▶ Available data:
|---|

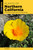 Plants of Northern California (A Field Guide to Plants West of the Sierra Nevada) - 9781493067183 by Eva Begley, 9781493067183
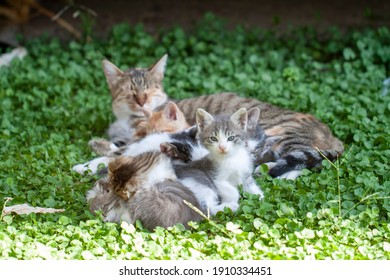 Stray cat mother cat and kittens - Powered by Shutterstock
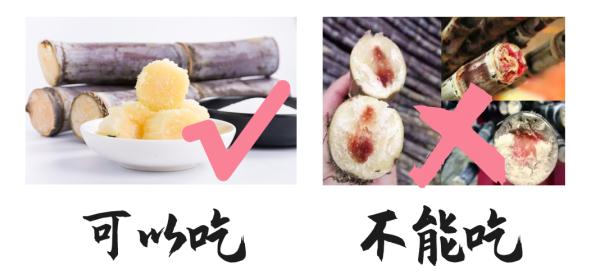 【健康科普】正是高发期！这个东西不要乱吃！不能乱吃！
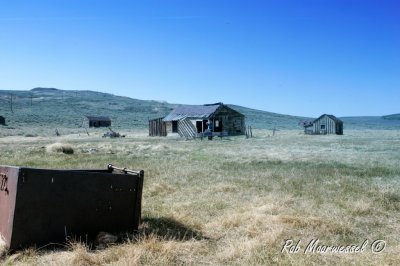 Bodie-319.jpg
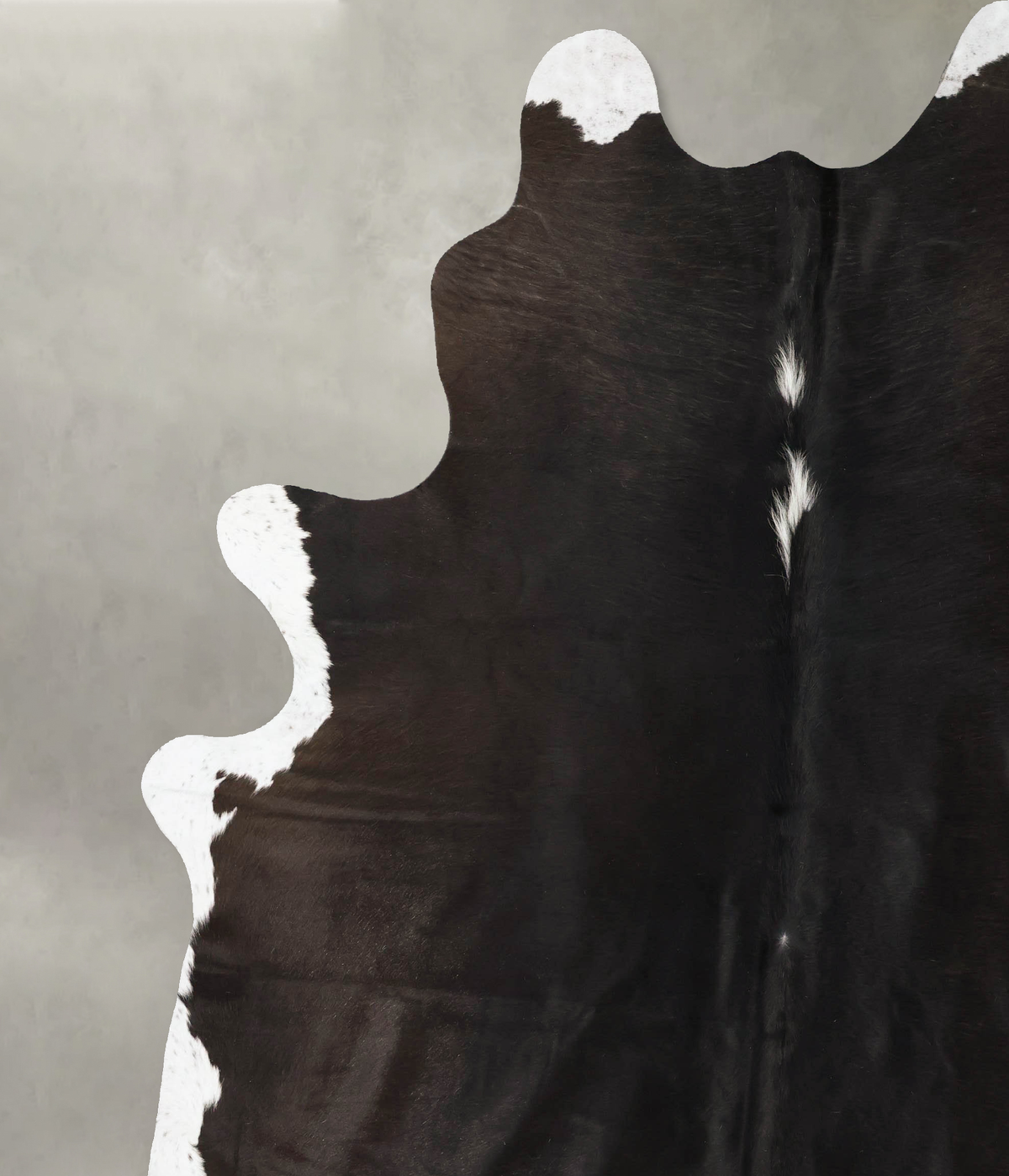 Chocolate and White XX-Large Brazilian Cowhide Rug 9'3"H x 7'9"W #B23944 by Hudson Hides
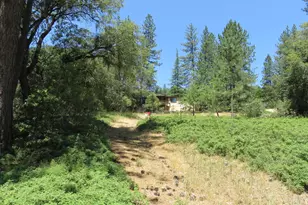 4426 Bald Mountain Rd, West Point, CA 95255 - Photo 11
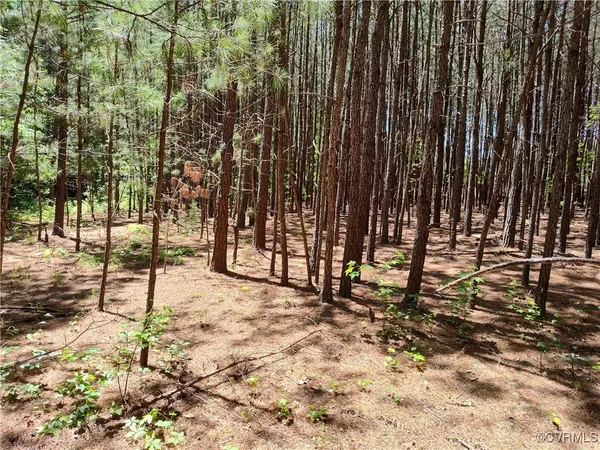 a view of a tree in a yard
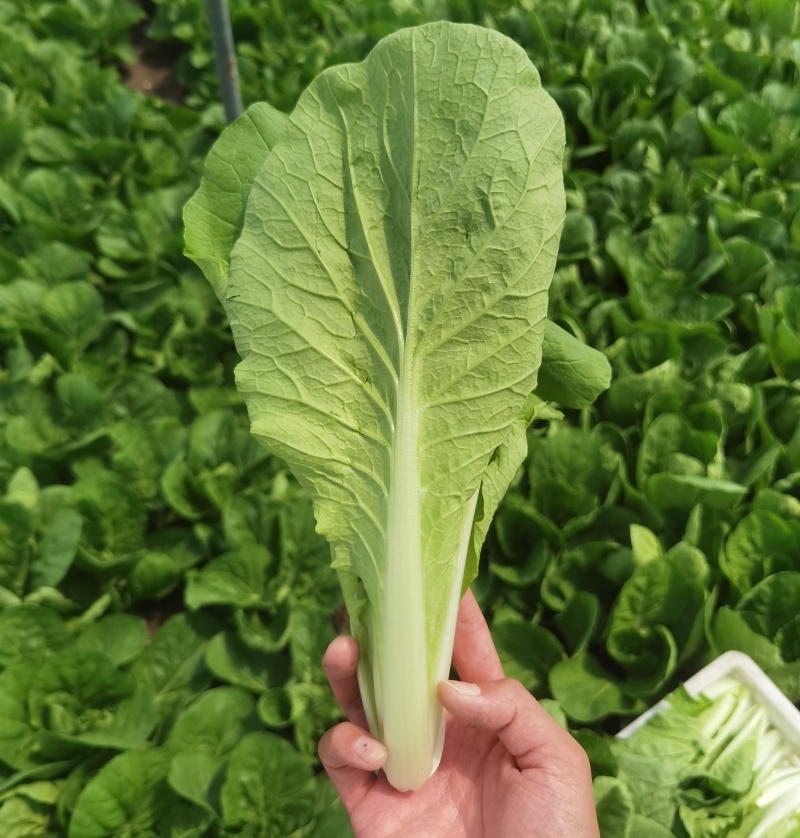 《奶白菜》安徽阜阳太和县产地直供/常年有货全国发货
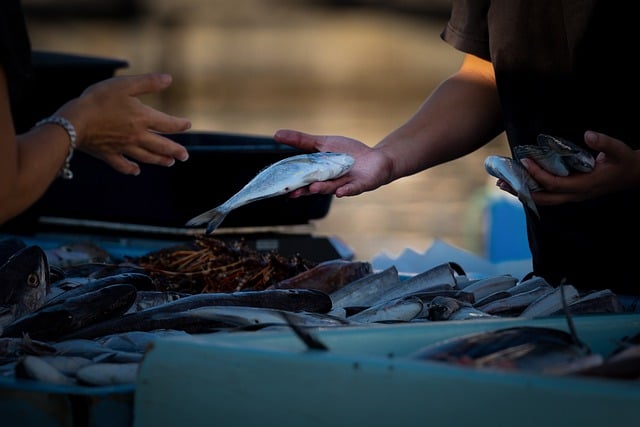 Jak legalnie sprzedawać w Internecie? Jak legalnie sprzedawać w Internecie?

|---|

▶ Try it: Nothing but the lines from the one containing "Stray cat mother" through the final line of the records, both included and copied exactly, should appear in the answer; pictures stay out.

▶ Exercise result:
 Stray cat mother cat and kittens - Powered by Shutterstock
 【健康科普】正是高发期！这个东西不要乱吃！不能乱吃！
 Bodie-319.jpg
 Chocolate and White XX-Large Brazilian Cowhide Rug 9'3"H x 7'9"W #B23944 by Hudson Hides
 4426 Bald Mountain Rd, West Point, CA 95255 - Photo 11
 a view of a tree in a yard
 《奶白菜》安徽阜阳太和县产地直供/常年有货全国发货
 Jak legalnie sprzedawać w Internecie? Jak legalnie sprzedawać w Internecie?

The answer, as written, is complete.